About this exercise:
Leaving out all pictures, copy the lines below exactly, from the line with "吧友們失望了！5650" to the last line, both ends included.

[Short text fragments from websites]
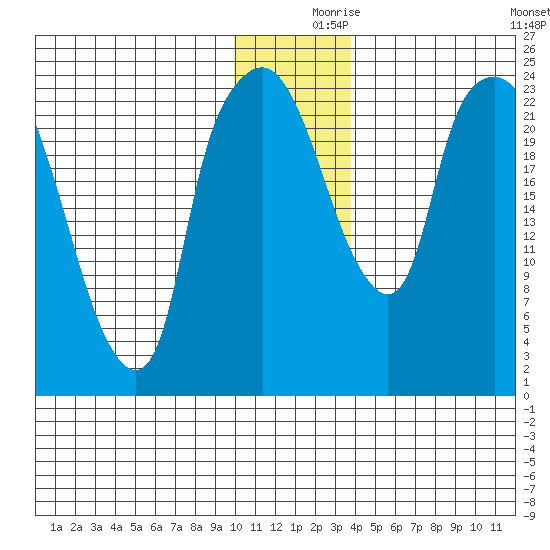 Fire Island tide chart for Saturday, December 7, 2024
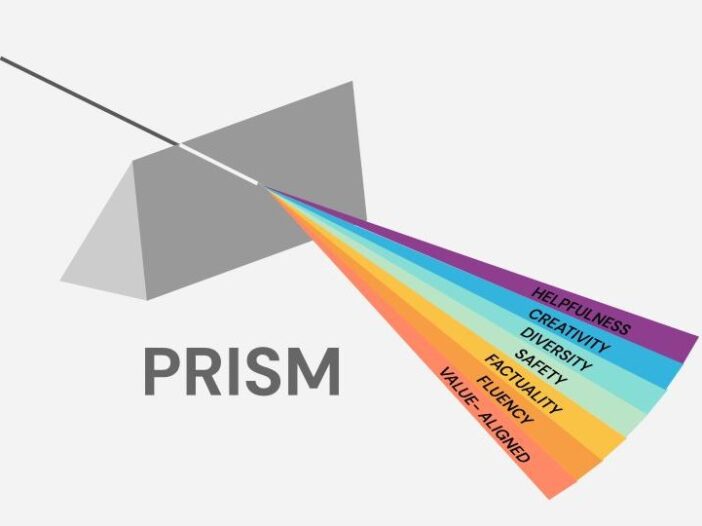 PRISM with LLM attributes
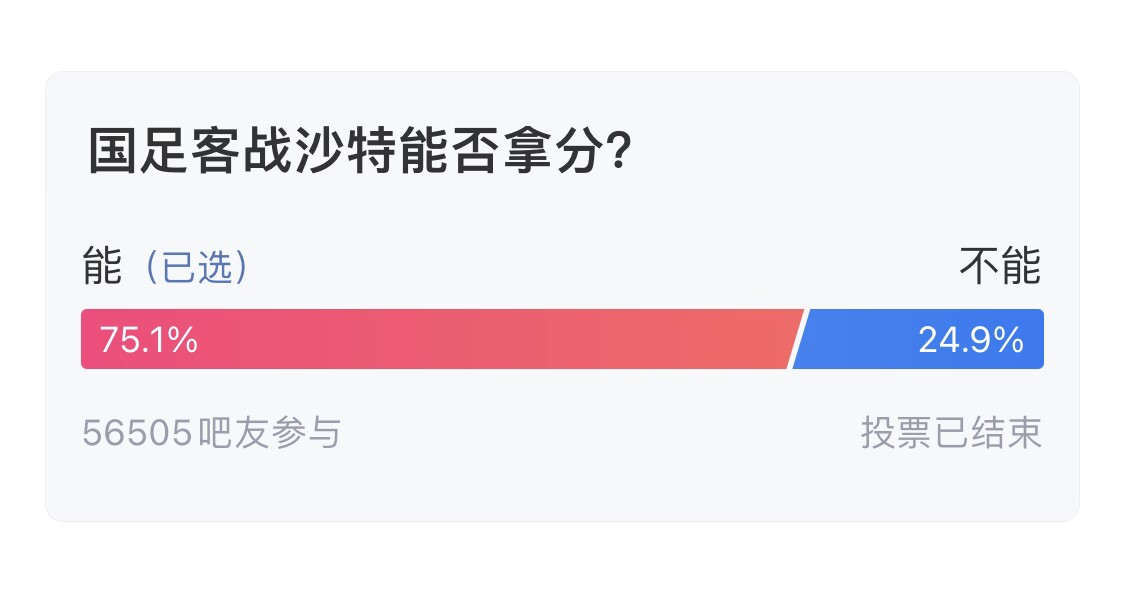 吧友們失望了！56505人參與，75.1%吧友認(rèn)為國(guó)足能拿分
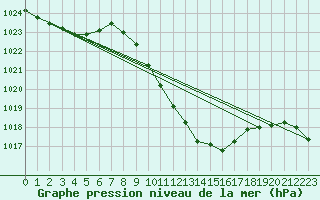 Courbe de la pression atmosphrique pour Nyon-Changins (Sw)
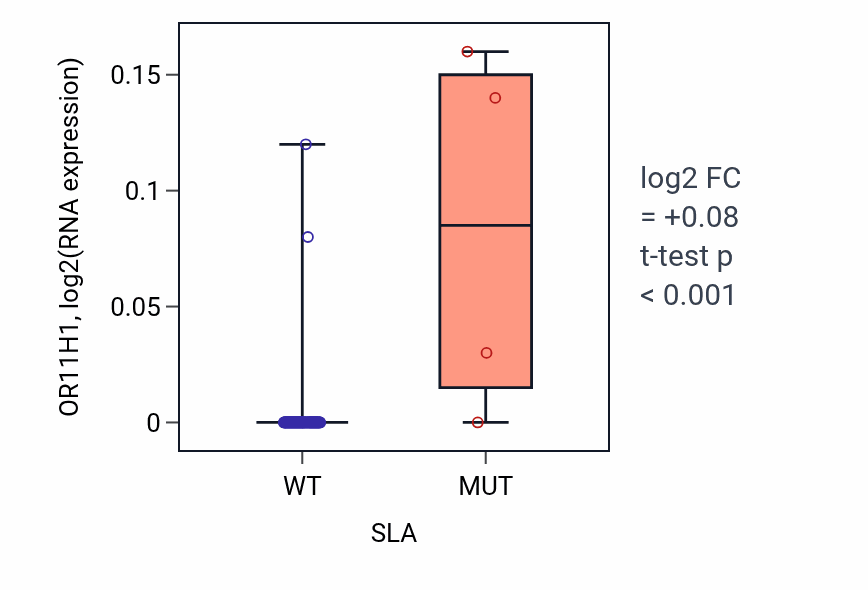 Box plot of OR11H1 in SLA-low vs SLA-high samples in BLOOD_Leukemia.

Answer:
 吧友們失望了！56505人參與，75.1%吧友認(rèn)為國(guó)足能拿分
 Courbe de la pression atmosphrique pour Nyon-Changins (Sw)
 Box plot of OR11H1 in SLA-low vs SLA-high samples in BLOOD_Leukemia.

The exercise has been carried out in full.